▸ TASK REQUIREMENTS: Write out exactly the lines from the one containing "Handmade Silver Foil" through the last line of the records below, and no others.

Stored data:
_____

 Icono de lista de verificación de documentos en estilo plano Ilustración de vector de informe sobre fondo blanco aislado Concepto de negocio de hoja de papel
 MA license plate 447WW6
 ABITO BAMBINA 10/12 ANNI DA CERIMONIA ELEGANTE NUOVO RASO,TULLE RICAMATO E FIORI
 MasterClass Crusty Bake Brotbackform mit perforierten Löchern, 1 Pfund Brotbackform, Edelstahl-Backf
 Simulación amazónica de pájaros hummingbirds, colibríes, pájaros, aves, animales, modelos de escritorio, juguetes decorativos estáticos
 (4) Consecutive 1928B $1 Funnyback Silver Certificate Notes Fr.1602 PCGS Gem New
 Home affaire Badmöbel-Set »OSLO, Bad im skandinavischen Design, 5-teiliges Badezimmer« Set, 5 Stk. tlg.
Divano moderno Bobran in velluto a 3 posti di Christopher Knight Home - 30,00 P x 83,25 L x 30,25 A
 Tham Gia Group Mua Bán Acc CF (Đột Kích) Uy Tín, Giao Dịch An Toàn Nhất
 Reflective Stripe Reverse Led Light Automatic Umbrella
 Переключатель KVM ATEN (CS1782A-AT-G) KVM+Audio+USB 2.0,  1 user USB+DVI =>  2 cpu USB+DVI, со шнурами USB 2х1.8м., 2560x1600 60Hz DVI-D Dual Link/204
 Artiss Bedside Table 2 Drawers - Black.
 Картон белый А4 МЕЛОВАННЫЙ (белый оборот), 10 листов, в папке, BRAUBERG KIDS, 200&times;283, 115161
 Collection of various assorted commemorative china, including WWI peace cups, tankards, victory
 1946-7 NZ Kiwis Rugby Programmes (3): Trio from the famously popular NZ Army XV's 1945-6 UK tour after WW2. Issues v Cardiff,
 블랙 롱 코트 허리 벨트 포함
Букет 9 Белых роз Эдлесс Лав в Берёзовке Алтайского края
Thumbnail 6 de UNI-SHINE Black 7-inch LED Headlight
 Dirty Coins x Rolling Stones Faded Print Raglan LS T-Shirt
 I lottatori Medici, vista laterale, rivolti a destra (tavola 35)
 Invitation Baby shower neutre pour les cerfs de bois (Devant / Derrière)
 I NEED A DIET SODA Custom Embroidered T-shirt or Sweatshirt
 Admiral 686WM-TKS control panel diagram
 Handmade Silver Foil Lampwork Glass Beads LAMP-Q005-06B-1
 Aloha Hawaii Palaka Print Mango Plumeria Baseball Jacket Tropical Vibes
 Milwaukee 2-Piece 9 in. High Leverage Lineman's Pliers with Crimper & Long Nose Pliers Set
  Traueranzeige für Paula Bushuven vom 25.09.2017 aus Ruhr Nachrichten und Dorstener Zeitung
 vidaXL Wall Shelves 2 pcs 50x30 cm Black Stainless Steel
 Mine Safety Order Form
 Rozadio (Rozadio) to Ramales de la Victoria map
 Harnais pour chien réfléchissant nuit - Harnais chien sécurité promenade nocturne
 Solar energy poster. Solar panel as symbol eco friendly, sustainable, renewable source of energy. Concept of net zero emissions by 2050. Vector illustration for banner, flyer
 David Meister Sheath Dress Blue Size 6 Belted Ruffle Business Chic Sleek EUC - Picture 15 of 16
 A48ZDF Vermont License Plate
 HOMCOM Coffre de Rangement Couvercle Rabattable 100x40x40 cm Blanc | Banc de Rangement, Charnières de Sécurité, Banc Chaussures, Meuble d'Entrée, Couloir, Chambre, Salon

_____

▸ SOLVED PROBLEM:
 Handmade Silver Foil Lampwork Glass Beads LAMP-Q005-06B-1
 Aloha Hawaii Palaka Print Mango Plumeria Baseball Jacket Tropical Vibes
 Milwaukee 2-Piece 9 in. High Leverage Lineman's Pliers with Crimper & Long Nose Pliers Set
  Traueranzeige für Paula Bushuven vom 25.09.2017 aus Ruhr Nachrichten und Dorstener Zeitung
 vidaXL Wall Shelves 2 pcs 50x30 cm Black Stainless Steel
 Mine Safety Order Form
 Rozadio (Rozadio) to Ramales de la Victoria map
 Harnais pour chien réfléchissant nuit - Harnais chien sécurité promenade nocturne
 Solar energy poster. Solar panel as symbol eco friendly, sustainable, renewable source of energy. Concept of net zero emissions by 2050. Vector illustration for banner, flyer
 David Meister Sheath Dress Blue Size 6 Belted Ruffle Business Chic Sleek EUC - Picture 15 of 16
 A48ZDF Vermont License Plate
 HOMCOM Coffre de Rangement Couvercle Rabattable 100x40x40 cm Blanc | Banc de Rangement, Charnières de Sécurité, Banc Chaussures, Meuble d'Entrée, Couloir, Chambre, Salon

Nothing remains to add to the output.